• [WHAT THIS TASK INVOLVES]:
Starting at the line below holding "Pore Minimizing &" and stopping at the line holding "Did Amber Heard", print every line exactly, both ends included, and leave the rest out.

• [EXERCISE INPUTS]:
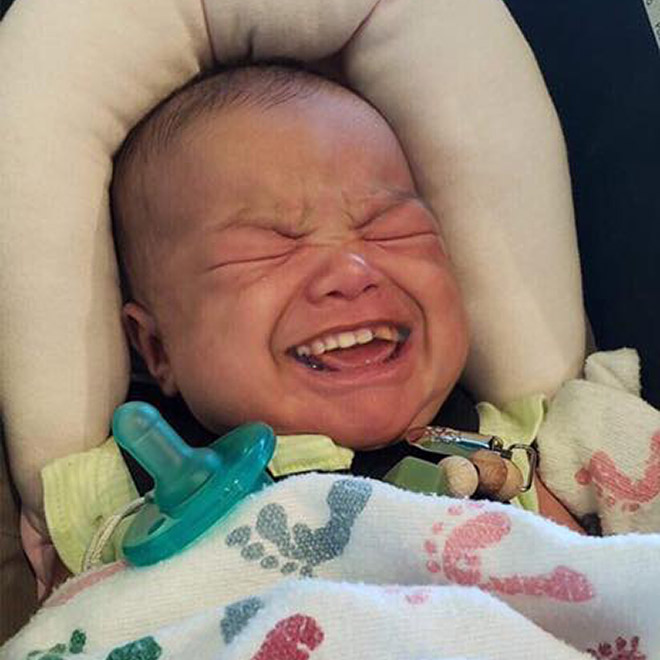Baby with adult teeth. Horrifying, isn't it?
---
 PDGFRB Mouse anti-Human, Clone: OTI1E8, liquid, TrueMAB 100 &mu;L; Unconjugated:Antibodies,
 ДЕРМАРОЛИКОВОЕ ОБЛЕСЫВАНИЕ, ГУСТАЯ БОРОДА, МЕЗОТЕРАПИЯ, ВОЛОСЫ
--
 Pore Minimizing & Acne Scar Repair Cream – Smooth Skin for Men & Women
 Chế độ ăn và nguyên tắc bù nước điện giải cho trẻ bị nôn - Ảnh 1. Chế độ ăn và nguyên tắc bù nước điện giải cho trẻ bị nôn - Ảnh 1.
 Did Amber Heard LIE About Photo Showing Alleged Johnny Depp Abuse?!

• [WRITTEN REPLY]:
 Pore Minimizing & Acne Scar Repair Cream – Smooth Skin for Men & Women
 Chế độ ăn và nguyên tắc bù nước điện giải cho trẻ bị nôn - Ảnh 1. Chế độ ăn và nguyên tắc bù nước điện giải cho trẻ bị nôn - Ảnh 1.
 Did Amber Heard LIE About Photo Showing Alleged Johnny Depp Abuse?!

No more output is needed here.